As long as the heatsink is meant to dissipate that much heat. I've got a Xigmatek Gaia on my Phenom II and the CPU never gets above 55 C even on a hot summer's day doing stress tests (it is slightly overclocked too, so probably similar to the heat output of your setup).

From a quick glance, it seems like you could get a better heatsink, the Logisys Gamma Blade seems to have some bad reviews. The MC3002GX could be a better choice (just going by customer reviews).

Or you could try a CPU heatsink from an old computer (might not provide enough cooling though). Just make sure to run the fan on max.

As for advice, I haven't done anything like it before either. All I can say is keep it dry.

:welcome:


----------



## AnAppleSnail (Sep 18, 2012)

4 feet drive by 50 drivers? It depends on the driver. They aren't quite like bucket pumps dumping into one pipe when ganged together. You may be better-off using drivers as they're meant to be used. Meanwell and other people make 100W LED drivers that are pretty much plug-n-play, or you could use two 50W units. That'd run about $100, but include dimming and no wiring to mess up on (And less chance of toasting an LED!). A single 100W LED is a massive heat source in a small point. If you have fans, you may want two so that you'll have a chance to correct one breaking. You certainly need over-temperature shutoff. Finally, make sure your wires stay dry. I now know from experience that electrically-live wires in tank water will cause galvanic corrosion and eventually even short if wet enough.

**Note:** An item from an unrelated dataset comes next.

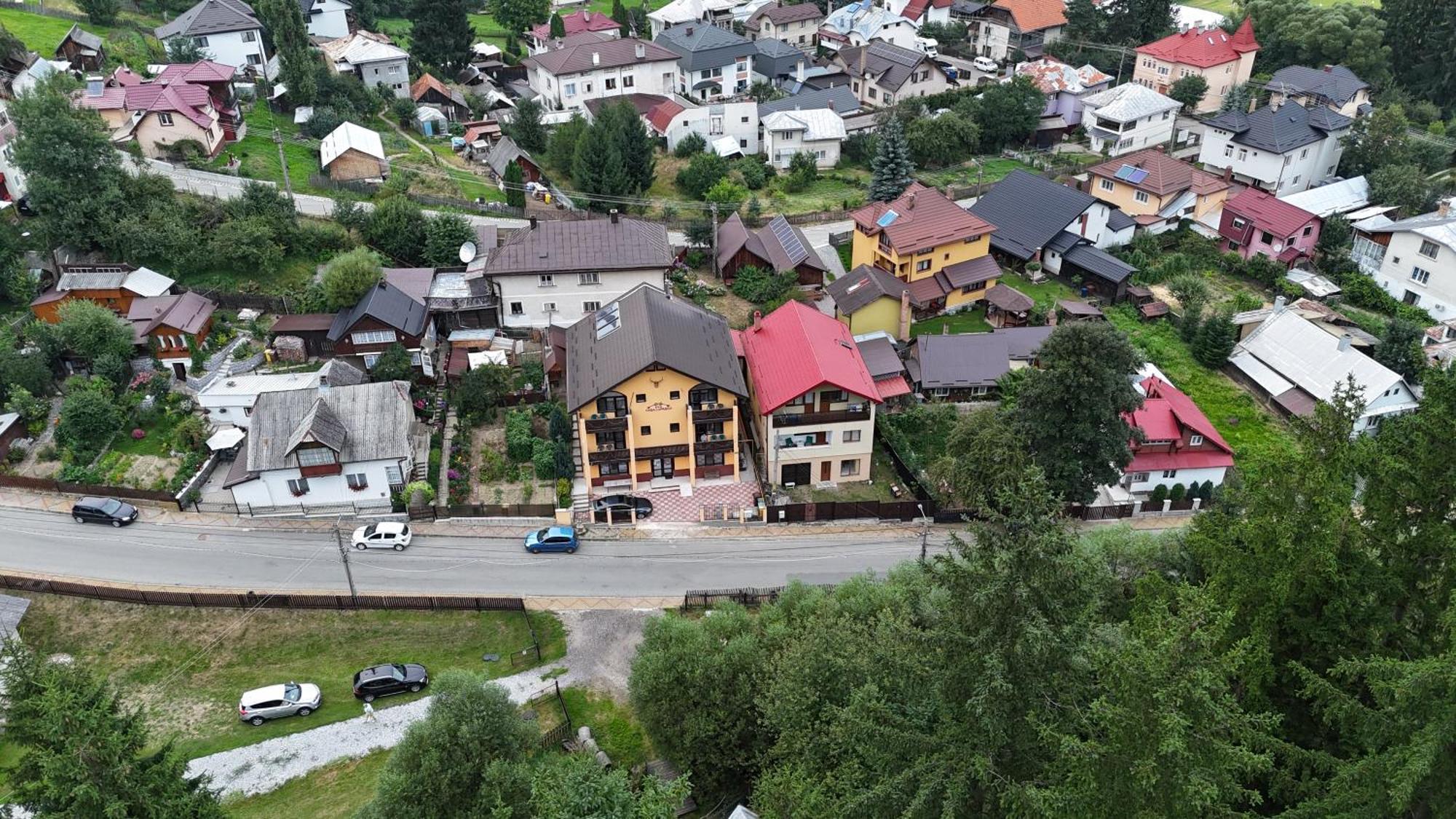 Отель Casa Lupascu Ватра-Дорней Экстерьер фото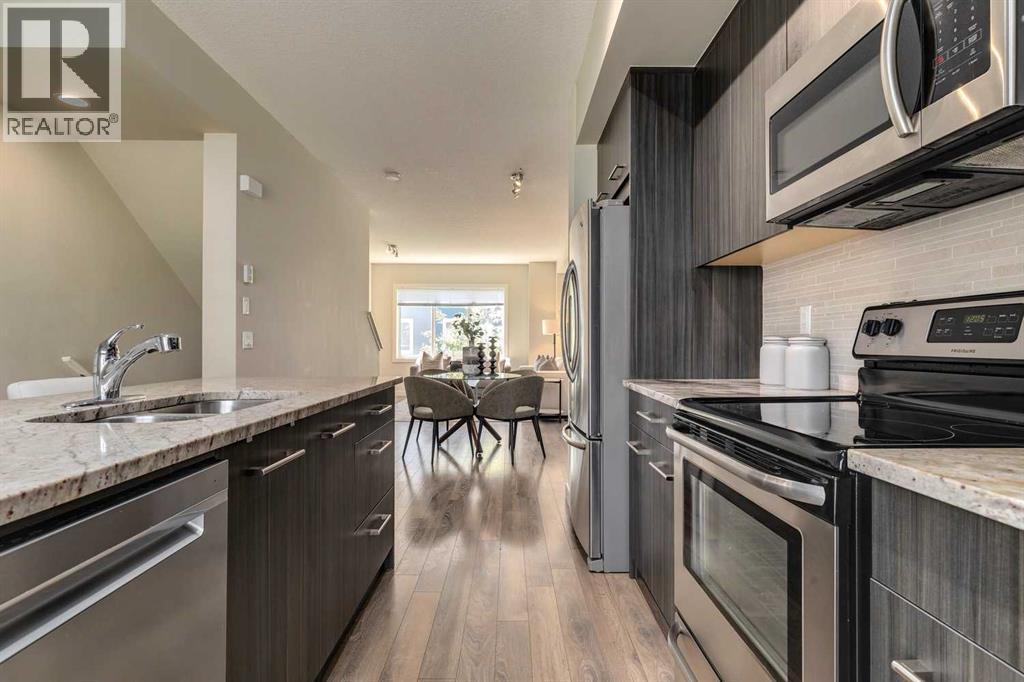 Photo 9 of 165 2802 Kings Heights Gate Se, Airdrie AB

If I wanted 100W of long-life, dependable lighting, I would stick with an array of Cree LEDs. Bridgelux's published output-degradation is worse, and the optical properties are tougher to manipulate - for example, to reach depth and area as desired.


----------



## thenativediver (Sep 18, 2012)

Thanks 

Well, I didn't expect that detailed a level of help, so bonus!

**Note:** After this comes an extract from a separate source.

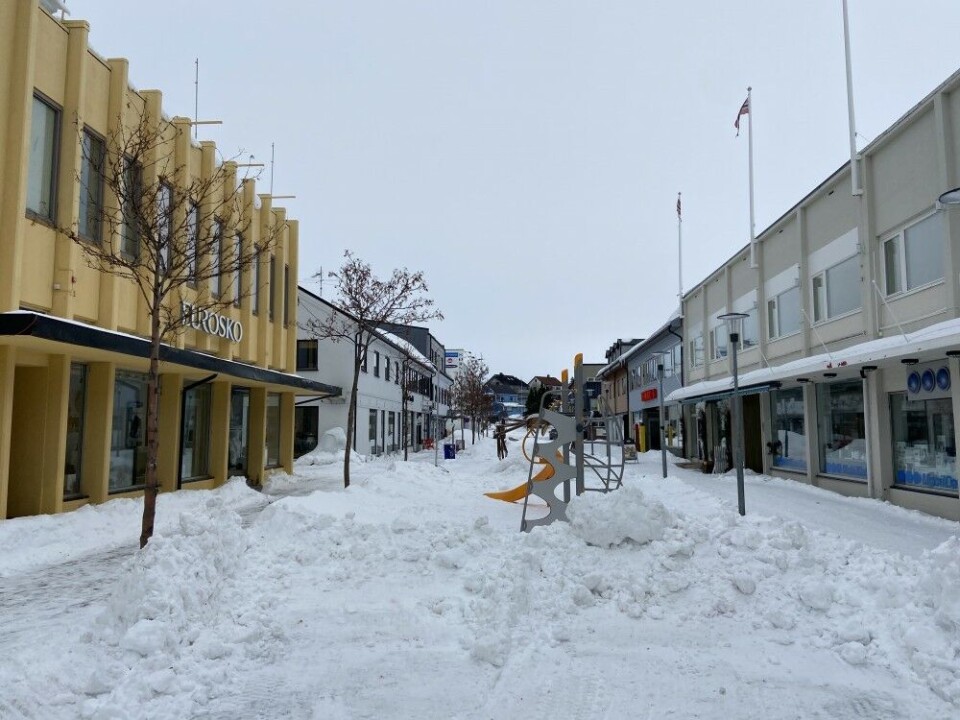 Nobody out: The pedestrian street in Kirkenes. Photo: Thomas Nilsen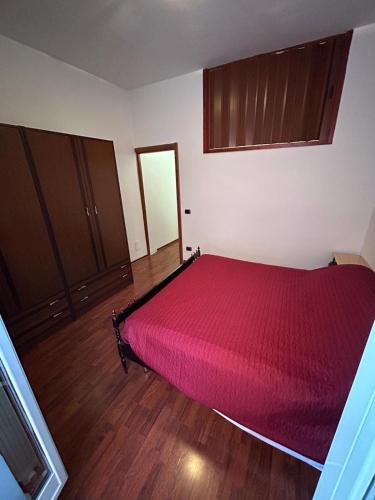 een slaapkamer met een rood bed in een kamer bij Casa Vacanze VicoX in Lanciano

I have two 46 gall bowfront reef tanks, and two plant refugiums below. The crappy CFL's I have over refugiums barely get things by. So, I figured, I could do the same lights below... .but might be overkill. (They also make a 50w chip)

I am not home to measure tanks, but they are not unusually deep... probably about 18".

I saw that most aquarium lights use many small Led's and I figured, why not use one big chip (the cannon uses one big chip). And I figured, it would be fun to make my own.

I was looking at the 180W lighthouse hydro aquarium light. It is made with 3w Cree LED's. Since LED's aren't run at full power, I find it hard to compare. How do I compare PAR, penetration of light, etc..... If the bridgelux LED is rated 100W, then how does it compare the the lighthouse hydro?

The lighthouse hydro comes complete, so it is easy, but then I didn't "make" it. Still, I can get them for $280 so it doesn't sound to bad to me.

What do you guys think?


----------



## thenativediver (Sep 18, 2012)

Oh, and I have 15OW metal halides at 15000k on the reef tanks along with 50/50s.... standard hot set up.

These lights are Catalinas... so I have really nice hoods with built in fans.

Would it be worth trying to re-use the hoods?

Thanks again


----------



## thenativediver (Sep 18, 2012)

Gunner12 said:


> I'm no Obi Wan, but here goes nothing.
> 
> From a quick glance, it seems like you could get a better heatsink, the Logisys Gamma Blade seems to have some bad reviews. The MC3002GX could be a better choice (just going by customer reviews).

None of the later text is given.